Task goal:
Below are records with pictures; copy word for word only the lines between the line with "NAICS is also" and the line with "Real quick, like", inclusive, and drop the pictures.

Task input:
·····
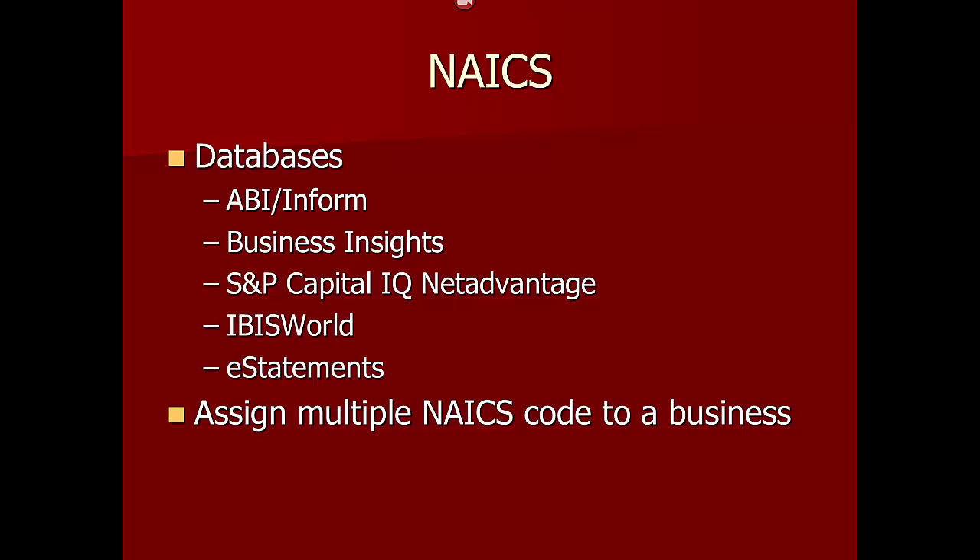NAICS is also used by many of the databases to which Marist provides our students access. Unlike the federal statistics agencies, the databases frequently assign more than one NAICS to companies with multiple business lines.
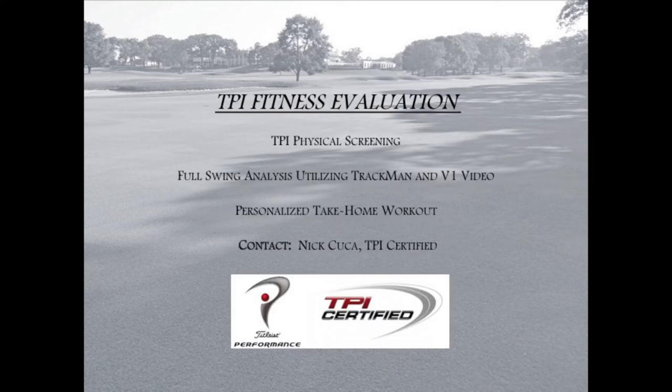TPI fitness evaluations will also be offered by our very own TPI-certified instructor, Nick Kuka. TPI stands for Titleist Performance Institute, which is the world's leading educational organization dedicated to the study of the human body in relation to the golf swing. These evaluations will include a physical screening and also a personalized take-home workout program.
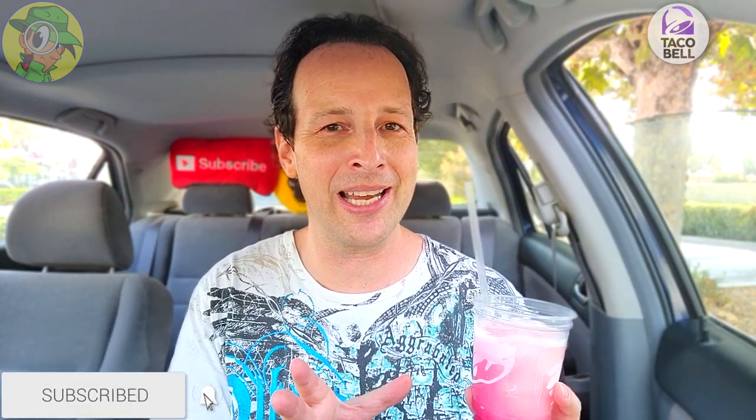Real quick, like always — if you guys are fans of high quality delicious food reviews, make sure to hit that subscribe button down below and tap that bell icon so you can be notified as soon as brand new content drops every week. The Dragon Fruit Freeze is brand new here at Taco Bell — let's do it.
·····
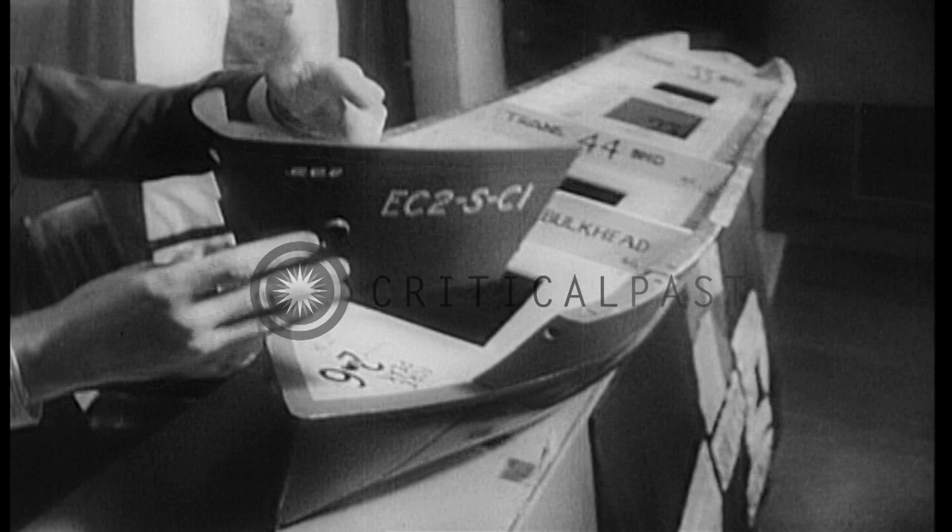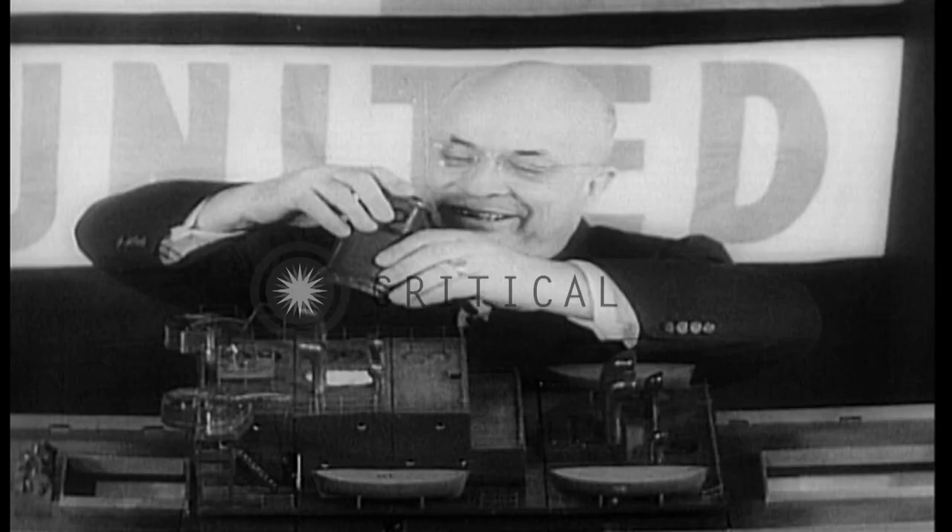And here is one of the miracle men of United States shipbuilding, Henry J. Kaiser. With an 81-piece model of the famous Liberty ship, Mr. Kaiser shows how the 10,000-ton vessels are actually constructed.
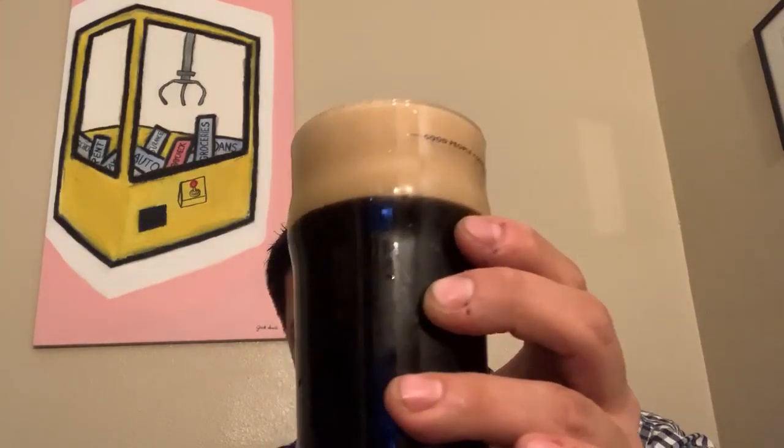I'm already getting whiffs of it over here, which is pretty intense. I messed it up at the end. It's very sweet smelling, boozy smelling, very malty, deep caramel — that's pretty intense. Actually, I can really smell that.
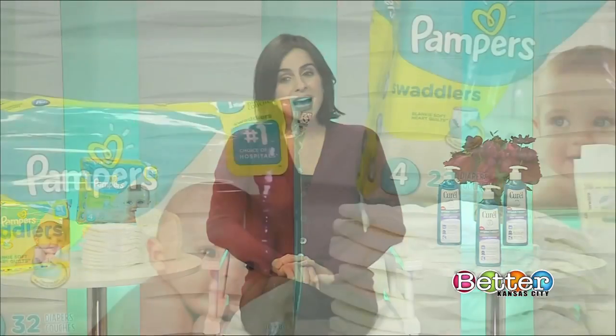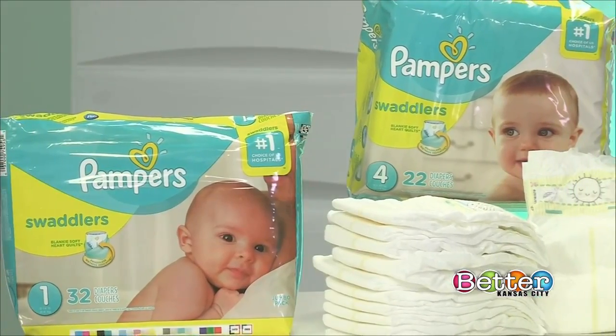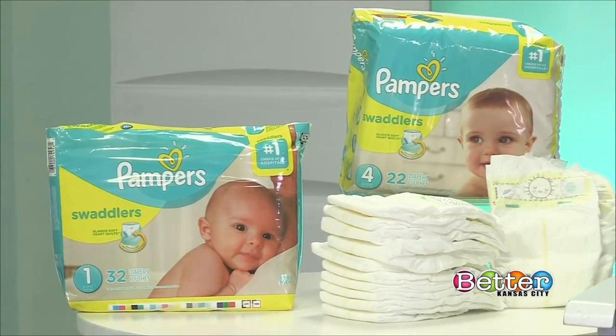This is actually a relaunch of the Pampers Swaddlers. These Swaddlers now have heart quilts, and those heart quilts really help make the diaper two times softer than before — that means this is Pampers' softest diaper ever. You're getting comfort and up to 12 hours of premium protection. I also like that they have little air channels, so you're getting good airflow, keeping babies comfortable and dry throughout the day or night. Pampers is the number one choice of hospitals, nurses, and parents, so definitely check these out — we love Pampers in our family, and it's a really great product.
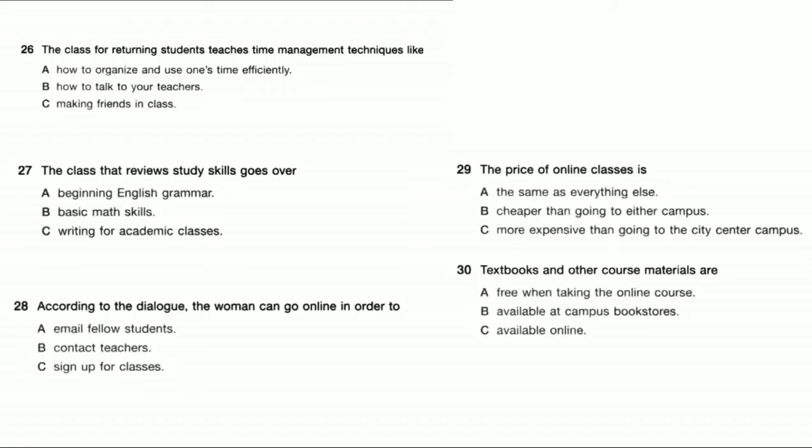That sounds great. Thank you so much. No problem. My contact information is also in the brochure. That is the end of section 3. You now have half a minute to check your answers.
·····
Answer box:
NAICS is also used by many of the databases to which Marist provides our students access. Unlike the federal statistics agencies, the databases frequently assign more than one NAICS to companies with multiple business lines.
TPI fitness evaluations will also be offered by our very own TPI-certified instructor, Nick Kuka. TPI stands for Titleist Performance Institute, which is the world's leading educational organization dedicated to the study of the human body in relation to the golf swing. These evaluations will include a physical screening and also a personalized take-home workout program.
Real quick, like always — if you guys are fans of high quality delicious food reviews, make sure to hit that subscribe button down below and tap that bell icon so you can be notified as soon as brand new content drops every week. The Dragon Fruit Freeze is brand new here at Taco Bell — let's do it.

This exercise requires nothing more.